Dirty Work – Ramsey repeated over and over to the owners that their main chef was incompetent. Ramsey did not have the power to fire the chef, even though he knew it was the only thing to do. Being a leader in an organization is great when things are going well. But when things go bad (as they often do) it’s not as much fun.
Announcing layoffs, salary cuts, and diminished hours is dreaded by most leaders and it can be easy to outsource these tasks to a consultant. When all is said and done, though, the responsibility comes back to you. When you have others take care of those nasty jobs, it casts a pall over your leadership abilities. It sends a signal that you are only willing to be a leader when things are going well, but that you are a coward when things are not. To be an effective leader, you must accept the good and the bad.

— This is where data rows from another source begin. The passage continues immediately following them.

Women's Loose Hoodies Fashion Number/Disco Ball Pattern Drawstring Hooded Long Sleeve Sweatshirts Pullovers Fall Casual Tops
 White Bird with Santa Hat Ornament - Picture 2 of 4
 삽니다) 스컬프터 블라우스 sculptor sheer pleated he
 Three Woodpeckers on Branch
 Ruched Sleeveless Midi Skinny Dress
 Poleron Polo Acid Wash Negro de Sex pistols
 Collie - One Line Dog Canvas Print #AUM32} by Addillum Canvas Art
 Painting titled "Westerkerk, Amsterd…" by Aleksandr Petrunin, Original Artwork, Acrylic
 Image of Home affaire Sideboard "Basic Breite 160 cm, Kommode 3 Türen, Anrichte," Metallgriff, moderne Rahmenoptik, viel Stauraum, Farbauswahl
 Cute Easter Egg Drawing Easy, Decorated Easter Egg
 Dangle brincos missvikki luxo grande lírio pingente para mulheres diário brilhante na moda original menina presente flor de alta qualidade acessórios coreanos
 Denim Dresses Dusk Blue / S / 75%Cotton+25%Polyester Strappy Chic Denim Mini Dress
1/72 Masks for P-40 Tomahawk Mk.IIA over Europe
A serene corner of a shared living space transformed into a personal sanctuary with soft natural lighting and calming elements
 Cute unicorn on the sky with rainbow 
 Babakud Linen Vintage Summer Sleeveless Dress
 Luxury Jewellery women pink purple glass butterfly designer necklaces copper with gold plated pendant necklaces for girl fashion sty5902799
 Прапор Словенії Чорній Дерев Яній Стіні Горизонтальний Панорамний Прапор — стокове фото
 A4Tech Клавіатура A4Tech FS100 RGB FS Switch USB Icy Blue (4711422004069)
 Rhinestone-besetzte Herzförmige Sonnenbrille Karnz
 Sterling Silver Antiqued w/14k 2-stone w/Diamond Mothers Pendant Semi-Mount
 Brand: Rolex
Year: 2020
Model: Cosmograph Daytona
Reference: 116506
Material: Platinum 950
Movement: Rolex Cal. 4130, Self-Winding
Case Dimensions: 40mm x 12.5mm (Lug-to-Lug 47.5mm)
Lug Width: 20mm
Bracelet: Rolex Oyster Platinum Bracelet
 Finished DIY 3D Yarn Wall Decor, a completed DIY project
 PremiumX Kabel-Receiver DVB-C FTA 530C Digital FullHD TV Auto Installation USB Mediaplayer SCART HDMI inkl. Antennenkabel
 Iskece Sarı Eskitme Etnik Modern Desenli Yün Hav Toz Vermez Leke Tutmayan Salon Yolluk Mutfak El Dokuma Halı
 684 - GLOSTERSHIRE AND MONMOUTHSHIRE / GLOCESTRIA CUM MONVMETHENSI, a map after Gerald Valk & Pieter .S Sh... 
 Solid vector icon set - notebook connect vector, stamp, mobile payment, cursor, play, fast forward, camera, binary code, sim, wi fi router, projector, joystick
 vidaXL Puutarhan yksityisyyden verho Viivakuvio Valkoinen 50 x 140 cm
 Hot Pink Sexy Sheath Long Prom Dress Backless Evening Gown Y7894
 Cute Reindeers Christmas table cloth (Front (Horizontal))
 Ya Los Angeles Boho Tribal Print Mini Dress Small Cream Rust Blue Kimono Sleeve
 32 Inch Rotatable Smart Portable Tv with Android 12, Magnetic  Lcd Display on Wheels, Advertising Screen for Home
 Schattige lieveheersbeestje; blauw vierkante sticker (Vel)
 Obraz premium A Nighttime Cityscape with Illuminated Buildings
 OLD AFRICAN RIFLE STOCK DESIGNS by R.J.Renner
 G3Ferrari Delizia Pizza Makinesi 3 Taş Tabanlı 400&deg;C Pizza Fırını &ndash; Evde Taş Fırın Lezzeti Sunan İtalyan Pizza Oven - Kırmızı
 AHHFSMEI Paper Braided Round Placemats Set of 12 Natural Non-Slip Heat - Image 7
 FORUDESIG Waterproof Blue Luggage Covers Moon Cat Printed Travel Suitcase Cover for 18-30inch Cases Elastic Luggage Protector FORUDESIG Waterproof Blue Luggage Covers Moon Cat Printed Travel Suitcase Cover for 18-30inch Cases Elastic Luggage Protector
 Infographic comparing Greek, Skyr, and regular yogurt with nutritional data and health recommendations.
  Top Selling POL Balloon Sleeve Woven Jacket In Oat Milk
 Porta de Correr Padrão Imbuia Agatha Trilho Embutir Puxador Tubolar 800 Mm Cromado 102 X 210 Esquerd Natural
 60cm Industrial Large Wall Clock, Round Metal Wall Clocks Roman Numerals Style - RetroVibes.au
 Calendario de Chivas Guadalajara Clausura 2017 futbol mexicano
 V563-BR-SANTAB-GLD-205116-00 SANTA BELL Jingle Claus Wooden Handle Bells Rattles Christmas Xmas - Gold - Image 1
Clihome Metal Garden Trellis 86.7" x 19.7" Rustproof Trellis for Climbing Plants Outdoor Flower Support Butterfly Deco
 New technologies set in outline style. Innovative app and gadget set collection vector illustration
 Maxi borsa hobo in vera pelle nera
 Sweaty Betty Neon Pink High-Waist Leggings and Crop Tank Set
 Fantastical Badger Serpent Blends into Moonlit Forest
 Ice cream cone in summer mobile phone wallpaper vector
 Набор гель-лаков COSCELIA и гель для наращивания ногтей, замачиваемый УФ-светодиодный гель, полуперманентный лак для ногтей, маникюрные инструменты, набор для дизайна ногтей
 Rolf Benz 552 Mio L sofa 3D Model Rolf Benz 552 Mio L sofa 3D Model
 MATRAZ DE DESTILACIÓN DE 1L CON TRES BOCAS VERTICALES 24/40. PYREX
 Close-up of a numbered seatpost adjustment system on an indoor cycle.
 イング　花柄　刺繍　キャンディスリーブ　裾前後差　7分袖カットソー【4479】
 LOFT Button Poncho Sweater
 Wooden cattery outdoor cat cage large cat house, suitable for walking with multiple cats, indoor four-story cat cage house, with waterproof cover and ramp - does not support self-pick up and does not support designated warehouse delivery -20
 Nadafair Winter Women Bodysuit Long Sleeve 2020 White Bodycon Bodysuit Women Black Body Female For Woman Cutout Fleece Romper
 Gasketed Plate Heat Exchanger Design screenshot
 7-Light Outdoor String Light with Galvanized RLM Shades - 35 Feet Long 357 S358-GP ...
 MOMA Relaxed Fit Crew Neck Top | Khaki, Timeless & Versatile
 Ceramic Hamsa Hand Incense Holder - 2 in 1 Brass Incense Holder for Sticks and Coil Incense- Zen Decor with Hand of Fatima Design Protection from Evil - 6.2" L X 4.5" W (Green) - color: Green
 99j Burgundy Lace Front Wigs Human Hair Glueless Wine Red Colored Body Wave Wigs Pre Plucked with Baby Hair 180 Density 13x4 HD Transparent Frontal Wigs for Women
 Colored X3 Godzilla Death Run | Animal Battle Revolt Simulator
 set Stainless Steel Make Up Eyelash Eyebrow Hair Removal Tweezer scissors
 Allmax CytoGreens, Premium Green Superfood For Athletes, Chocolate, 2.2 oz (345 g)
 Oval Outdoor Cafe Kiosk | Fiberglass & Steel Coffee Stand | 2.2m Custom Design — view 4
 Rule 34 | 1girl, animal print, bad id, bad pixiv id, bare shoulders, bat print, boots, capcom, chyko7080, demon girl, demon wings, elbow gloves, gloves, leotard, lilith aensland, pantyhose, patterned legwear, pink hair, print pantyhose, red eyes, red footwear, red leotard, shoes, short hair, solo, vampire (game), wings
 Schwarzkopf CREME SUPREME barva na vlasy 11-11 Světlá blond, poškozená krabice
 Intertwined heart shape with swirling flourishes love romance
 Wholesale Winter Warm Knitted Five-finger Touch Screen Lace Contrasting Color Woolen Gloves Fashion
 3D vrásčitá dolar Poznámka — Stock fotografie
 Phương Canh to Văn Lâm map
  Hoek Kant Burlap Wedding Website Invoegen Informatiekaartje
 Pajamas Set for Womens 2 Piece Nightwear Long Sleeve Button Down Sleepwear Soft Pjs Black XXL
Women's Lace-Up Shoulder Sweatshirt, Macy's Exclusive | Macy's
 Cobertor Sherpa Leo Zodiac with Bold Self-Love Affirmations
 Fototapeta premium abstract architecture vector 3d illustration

Only then will you be seen as an effective leader with integrity.
Step Up – After a particularly bad evening, Ramsey asked the staff how they felt things went. The head chef replied that it went great. The assistant chef correctly asserted that it was terrible, mainly because of the head chef’s behavior. No matter how much Chef Ramsey yelled, screamed, and ranted, the behavior of the head chef did not change. The head chef felt that it was his kitchen and that Ramsey had no right to tell him what to do.
Things did not change until the owner no longer abdicated his leadership to Ramsey, who was seen as a “star”. On the last day of shooting, things were so bad that the very existence of the restaurant was threatened. That’s when the owner finally stepped in and began giving orders to his staff and to his head chef especially. Like magic, things started improving. Food was delivered on time, the head chef and the assistant began communicating, and the patrons left with a smile on their faces, ecstatically extolling the virtues of the restaurant. This would not have happened if the owner had not stepped up to the plate and finally assumed leadership instead of delegating it to a third party.
I am a consultant. I consult on leadership and communication issues in the workplace. My role is to improve my clients’ long-term condition. I am not a dog. I am not a hired gun. But most of all, I am not your replacement.
When you hire a consultant, you must get the most out of your investment. However, the only way you can achieve this is by listening, discussing, and implementing. It is not by abdicating. Beware of any consultant who wants you to forgo your leadership powers. Because no matter how convincing they are, they can never be you.